If we take a look at what exists after running this script, we can see that it worked.

bash-3.2$ ls /tmp/page*
/tmp/page1.html      /tmp/page3.html /tmp/page5.html /tmp/page7.html /tmp/page9.html
/tmp/page2.html      /tmp/page4.html /tmp/page6.html /tmp/page8.html   

Aside: The os module

If you're doing lots of things in a script that will involve files or paths, but you want it to work cross-platform, consider using the os and os.path modules. Do things like

  • change the current directory
  • get the directory or filename of a file

5.1 Using ElementTree

Here is a very basic html tree which we can work with.

import urllib
fileloc = 'http://www.people.fas.harvard.edu/~astorer/scraping/test.html'
f = urllib.urlopen(fileloc)
print f.read()

<html>
    <head>
        <title>Example page</title>
    </head>
    <body>
        <p>Moved to <a href="http://example.org/">example.org</a>
        or <a href="http://example.com/">example.com</a>.</p>
    </body>
</html>

  • The ElementTree is a hierarchical structure of Elements.
  • list() returns a list of the children of a single Element
  • An Element contains
    • A tag (what kind of element is it)
    • text of what lives in the element
from xml.etree.ElementTree import ElementTree
fileloc = '/Users/astorer/Work/presentations/scraping/test.html'
tree = ElementTree()
tree.parse(fileloc)   
elem = tree.find('body')
print elem
print list(elem)
elem = tree.find('body/p')
print elem
print list(elem)
print elem.tag
print elem.text
<Element 'body' at 0x1004c5310>
[<Element 'p' at 0x1004c5350>]
<Element 'p' at 0x1004c5350>
[<Element 'a' at 0x1004c5390>, <Element 'a' at 0x1004c53d0>]
p
Moved to 

5.2 Using lxml

Now let's see how we can parse out the list of article URLs from an xml page. Our basic approach isn't going to work here, and we need to install an external package.

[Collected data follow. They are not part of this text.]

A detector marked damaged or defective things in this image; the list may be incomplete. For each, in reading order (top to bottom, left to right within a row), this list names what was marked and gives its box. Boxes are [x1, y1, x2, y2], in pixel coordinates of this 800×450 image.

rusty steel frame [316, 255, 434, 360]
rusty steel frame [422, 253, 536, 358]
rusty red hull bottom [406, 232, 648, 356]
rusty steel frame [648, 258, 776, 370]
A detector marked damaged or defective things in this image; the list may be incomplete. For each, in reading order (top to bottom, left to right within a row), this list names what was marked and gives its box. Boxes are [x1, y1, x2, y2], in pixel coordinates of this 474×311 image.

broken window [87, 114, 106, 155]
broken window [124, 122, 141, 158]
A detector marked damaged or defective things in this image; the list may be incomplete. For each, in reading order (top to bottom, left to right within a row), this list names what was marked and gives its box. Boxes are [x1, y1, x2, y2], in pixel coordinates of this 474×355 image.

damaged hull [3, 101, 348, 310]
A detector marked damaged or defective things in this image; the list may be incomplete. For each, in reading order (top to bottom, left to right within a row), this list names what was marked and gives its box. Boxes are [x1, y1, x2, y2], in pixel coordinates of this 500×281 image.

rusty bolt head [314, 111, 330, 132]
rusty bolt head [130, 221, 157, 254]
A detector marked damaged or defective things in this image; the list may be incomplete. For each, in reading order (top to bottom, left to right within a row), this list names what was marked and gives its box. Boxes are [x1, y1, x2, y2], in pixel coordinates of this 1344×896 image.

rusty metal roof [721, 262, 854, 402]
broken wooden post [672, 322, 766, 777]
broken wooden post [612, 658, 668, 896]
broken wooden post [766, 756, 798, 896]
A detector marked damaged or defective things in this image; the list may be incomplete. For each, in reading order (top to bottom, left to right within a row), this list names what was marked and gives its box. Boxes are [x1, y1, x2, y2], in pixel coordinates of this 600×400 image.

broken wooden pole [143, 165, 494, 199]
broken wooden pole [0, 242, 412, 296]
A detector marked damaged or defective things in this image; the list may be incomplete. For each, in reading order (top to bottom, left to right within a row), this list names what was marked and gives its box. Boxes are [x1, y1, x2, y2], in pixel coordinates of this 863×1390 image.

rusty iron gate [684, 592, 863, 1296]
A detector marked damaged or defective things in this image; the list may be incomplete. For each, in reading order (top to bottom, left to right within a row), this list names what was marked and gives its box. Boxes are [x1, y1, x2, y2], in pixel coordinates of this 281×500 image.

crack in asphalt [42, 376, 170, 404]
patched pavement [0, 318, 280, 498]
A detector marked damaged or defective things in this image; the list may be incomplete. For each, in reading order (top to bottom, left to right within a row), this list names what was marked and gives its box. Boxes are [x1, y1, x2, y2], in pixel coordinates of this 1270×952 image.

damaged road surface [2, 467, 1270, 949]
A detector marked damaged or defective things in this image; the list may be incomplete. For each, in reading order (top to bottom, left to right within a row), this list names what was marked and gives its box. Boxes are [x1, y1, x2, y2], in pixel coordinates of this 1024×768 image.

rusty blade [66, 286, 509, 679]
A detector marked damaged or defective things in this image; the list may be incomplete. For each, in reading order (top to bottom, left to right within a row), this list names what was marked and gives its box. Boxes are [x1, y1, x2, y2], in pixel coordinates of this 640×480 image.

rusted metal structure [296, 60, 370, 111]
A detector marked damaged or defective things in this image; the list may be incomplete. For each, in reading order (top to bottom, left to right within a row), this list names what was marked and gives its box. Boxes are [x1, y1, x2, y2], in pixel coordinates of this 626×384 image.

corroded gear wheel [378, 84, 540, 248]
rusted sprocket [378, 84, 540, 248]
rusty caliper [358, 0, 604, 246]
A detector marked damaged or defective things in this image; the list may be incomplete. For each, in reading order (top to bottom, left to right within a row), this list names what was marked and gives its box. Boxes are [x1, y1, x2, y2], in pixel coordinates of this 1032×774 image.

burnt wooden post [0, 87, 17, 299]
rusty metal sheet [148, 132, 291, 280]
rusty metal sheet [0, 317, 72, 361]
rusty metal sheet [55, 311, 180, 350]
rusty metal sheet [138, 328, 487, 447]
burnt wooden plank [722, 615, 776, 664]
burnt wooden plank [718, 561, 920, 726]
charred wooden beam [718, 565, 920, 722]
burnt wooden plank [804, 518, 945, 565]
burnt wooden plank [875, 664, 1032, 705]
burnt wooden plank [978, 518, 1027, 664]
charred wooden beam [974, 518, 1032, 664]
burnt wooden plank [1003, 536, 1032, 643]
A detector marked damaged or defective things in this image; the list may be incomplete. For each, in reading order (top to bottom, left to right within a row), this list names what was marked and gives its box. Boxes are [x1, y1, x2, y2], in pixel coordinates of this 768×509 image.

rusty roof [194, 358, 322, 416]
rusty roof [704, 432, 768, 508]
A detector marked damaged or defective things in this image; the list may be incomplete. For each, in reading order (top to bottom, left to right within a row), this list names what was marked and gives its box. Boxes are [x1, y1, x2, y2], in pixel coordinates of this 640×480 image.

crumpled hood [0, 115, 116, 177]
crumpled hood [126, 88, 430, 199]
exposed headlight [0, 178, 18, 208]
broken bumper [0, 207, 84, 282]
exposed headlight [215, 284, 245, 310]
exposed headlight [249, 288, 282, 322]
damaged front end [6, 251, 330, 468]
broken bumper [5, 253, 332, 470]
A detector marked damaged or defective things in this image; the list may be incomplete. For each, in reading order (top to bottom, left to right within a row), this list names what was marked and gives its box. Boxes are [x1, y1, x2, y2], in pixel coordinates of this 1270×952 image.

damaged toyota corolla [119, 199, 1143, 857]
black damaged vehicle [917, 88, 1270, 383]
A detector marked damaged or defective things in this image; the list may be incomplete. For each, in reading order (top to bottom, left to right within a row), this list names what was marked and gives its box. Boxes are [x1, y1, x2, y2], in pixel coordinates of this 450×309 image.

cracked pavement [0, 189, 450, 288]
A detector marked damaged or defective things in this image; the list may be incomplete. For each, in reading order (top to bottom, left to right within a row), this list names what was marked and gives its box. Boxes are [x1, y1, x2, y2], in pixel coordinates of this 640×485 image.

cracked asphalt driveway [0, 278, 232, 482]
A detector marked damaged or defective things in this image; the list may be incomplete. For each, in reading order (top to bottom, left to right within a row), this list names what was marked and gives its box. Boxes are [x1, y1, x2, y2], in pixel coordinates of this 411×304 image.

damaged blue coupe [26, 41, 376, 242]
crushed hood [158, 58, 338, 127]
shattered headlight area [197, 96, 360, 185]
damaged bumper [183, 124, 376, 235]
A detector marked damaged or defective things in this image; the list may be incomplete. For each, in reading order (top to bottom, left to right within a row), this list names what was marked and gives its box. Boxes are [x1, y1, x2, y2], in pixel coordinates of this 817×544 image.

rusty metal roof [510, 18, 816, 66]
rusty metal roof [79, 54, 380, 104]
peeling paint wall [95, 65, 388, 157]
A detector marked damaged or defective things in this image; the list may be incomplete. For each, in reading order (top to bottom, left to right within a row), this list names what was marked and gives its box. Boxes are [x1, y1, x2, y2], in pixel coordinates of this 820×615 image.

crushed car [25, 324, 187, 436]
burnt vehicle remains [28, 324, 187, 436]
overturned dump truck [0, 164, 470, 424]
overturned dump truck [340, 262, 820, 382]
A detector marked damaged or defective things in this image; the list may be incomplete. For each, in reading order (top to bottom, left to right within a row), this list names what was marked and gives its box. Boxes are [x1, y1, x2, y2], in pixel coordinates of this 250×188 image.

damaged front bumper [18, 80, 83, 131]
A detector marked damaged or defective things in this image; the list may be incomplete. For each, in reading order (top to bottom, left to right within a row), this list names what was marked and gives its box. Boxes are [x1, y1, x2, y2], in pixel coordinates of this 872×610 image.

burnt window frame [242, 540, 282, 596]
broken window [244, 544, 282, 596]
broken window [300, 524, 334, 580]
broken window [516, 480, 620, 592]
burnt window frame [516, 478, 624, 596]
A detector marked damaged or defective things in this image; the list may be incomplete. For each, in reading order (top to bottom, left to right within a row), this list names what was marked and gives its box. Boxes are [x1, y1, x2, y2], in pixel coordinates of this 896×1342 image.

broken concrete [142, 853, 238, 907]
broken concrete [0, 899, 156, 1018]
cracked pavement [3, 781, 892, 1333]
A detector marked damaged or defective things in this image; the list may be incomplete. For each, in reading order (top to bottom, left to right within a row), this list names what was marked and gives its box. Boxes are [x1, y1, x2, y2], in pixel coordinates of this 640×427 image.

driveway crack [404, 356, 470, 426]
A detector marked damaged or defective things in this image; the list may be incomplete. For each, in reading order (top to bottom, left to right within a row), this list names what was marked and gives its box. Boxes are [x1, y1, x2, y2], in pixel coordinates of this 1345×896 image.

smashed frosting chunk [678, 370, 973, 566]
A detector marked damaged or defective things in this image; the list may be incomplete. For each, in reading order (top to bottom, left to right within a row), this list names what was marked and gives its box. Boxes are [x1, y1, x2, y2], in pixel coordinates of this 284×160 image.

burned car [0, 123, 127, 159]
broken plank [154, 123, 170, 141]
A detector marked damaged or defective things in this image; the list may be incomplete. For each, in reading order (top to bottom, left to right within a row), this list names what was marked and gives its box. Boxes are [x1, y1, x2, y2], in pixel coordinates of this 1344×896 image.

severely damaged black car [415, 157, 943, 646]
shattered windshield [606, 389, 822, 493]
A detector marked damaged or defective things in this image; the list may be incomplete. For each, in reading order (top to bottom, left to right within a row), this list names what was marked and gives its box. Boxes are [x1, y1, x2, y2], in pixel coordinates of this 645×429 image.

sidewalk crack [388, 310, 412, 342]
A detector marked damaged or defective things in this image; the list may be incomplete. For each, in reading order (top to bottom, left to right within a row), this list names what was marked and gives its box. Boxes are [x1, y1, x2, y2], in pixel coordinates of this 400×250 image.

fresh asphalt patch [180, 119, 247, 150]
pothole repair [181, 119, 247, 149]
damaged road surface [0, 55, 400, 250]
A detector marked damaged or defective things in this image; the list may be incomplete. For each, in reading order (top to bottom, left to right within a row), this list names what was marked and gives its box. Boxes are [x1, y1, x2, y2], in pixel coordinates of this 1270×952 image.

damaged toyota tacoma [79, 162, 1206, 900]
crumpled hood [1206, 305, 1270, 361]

5.2.1 Installing a Package

External packages can be easily installed in python using the easy_install command. The only challenge is in making sure that if you have multiple version of python installed, you are installing the libraries to the correct location. I'm on a mac, but the Python version on a mac is 2.6, and I prefer using 2.7. Make sure you install the setuptools for 2.7 following these instructions. Then, run

sudo easy_install-2.7 lxml

If you have no idea what I'm talking about, it will probably be fine if you simply use the following:

sudo easy_install lxml

On windows, try doing

easy_install lxml

To verify that this installed for you, open up python, and type

import lxml

If you get an error, sheck your setup and try reinstalling.

5.2.2 Using lxml

lxml will generate an ElementTree for us after parsing the xml. Let's review some of the functions that will be useful for us in this example.

EnglishPython
Construct a parserlxml.etree.HTMLParser()
Parse an HTML filelxml.etree.parse(file,parser)
Get all instances of <span class="...">MyTree.xpath('.//span[@class="..."]')
Get all instances of <span class="date"> within <div class="article">MyTree.xpath('.//div[@class="article"]/span[@class="date"]')
Make a list of tuples that we can iterate overzip(iterable1,iterable2,...)
Encode a string foo as unicode (UTF-8)foo.encode("UTF-8")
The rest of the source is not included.